A loss of jobs in the Federal Government sector continues to be a weakness, with employment down by 3.5 percent, while a sluggish energy economy continues to drag its feet. Manufacturing and the financial services industries, though down slightly, are stable, Felix said.
“Colorado’s path has been very similar to the United States overall,” Felix said. “The construction decline actually started before the recession hit. Residential construction is 50 percent below peak levels, but gains have been fairly strong; it is up 52 percent from 2012.”
Permits in Colorado are up 32 percent, though most counties lag behind peak levels and no sharp rebound has occurred.
“The housing bust was a catalyst for the recession,” Felix said, “but home prices in Colorado have risen by an average of 12 percent over the past year. All other construction activity has been mixed across the U.S., with many places still struggling…there has not been a lot of growth in public projects, but Denver’s light tail has driven the economy forward, and has been a big part of spending growth.”
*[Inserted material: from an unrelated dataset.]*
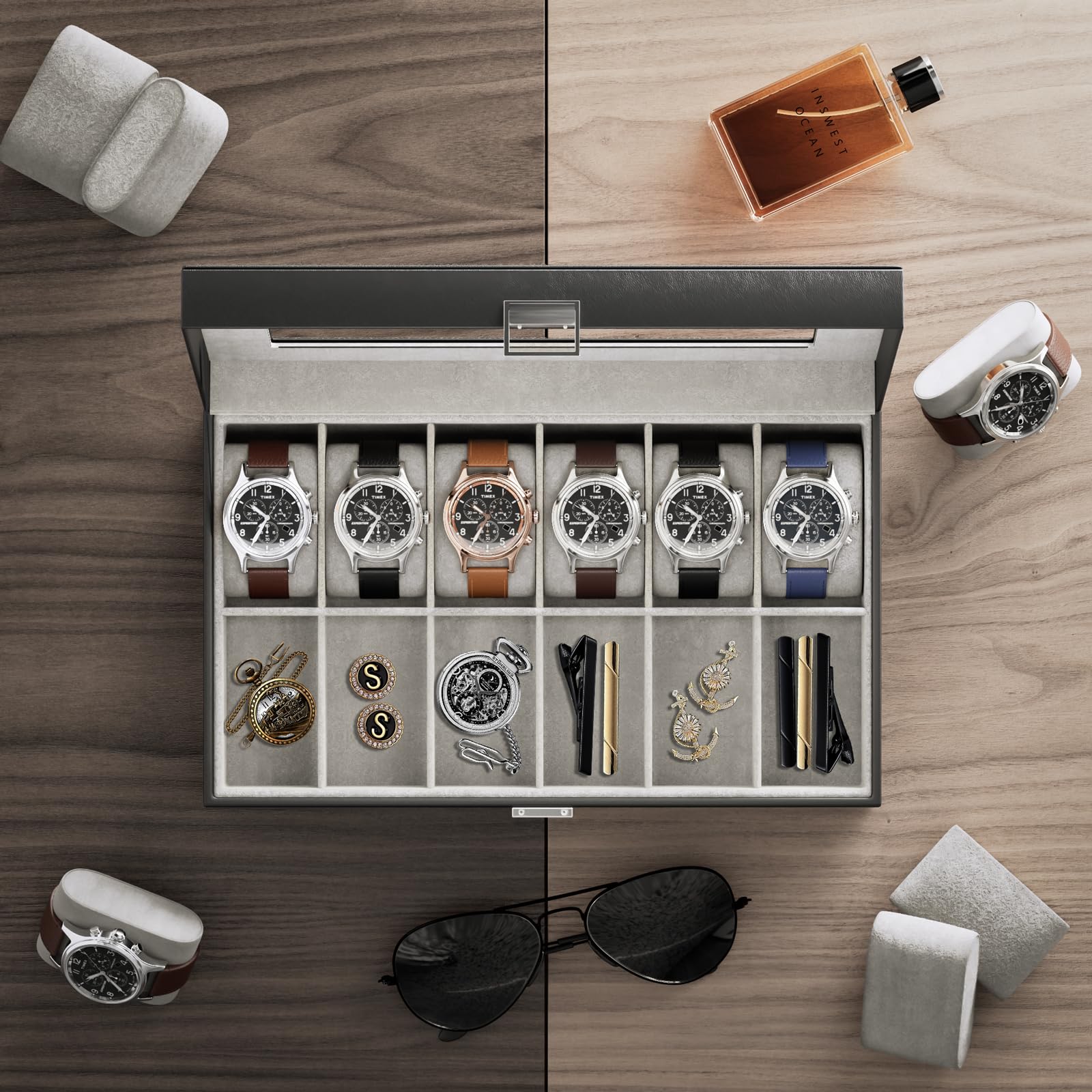 12-Slot Watch Box with Clear Display Window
Energy sectors have seen a sharp spike overall in both Colorado and the nation, with prices soaring and drilling activity occurring throughout the state, despite a slight oversupply of natural gas, Felix said. Mining accounts for four percent of Gross Domestic Product, and continues to be a growing sector of Colorado’s economy.
Though manufacturing has been in recovery for the past three years, the sector has dipped over the past seven or eight months, she said.
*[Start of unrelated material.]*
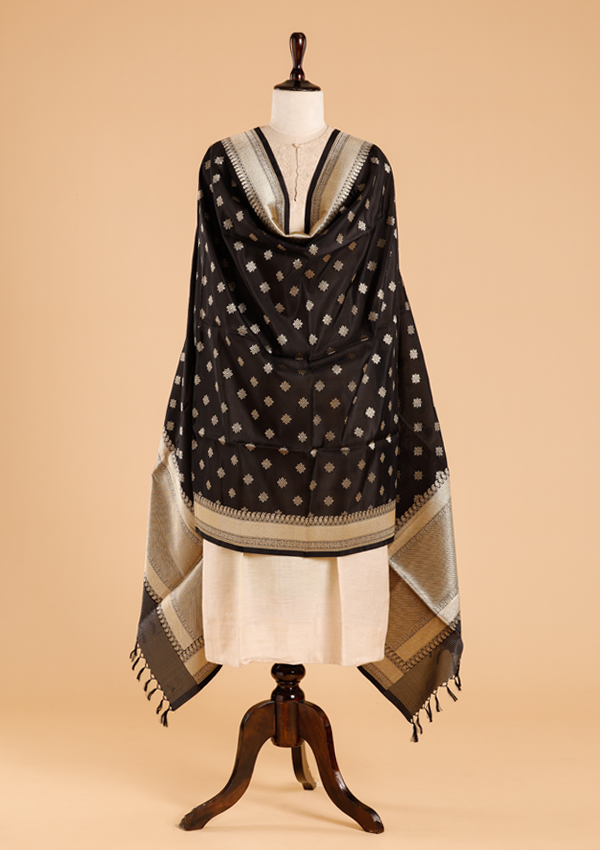 Black Butti Dupatta in Silk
As the state and nation move forward, manufacturers expect to see profits increase over the next six months, and to hire more workers and spend more money on capital expenditures. While Europe appears to be out recession, Asia is still slow, Felix noted.
“In the U.S. and Colorado both, we expect to see a continued recovery, but at a moderate pace,” Felix said. “We saw the initial recovery in the government sectors, and now construction an dservices are spurring the recovery.
“We are a little stronger than we were in 2011, so the drop in federal government contracts will have less impact.”
Among those who turned out for Felix’s cautiously optimist presentation was Dee Laird of Montrose.
“I think she is perhaps a little optimistic,” was Laird’s comment following the forum presentation. “It’s not as good as she thinks.”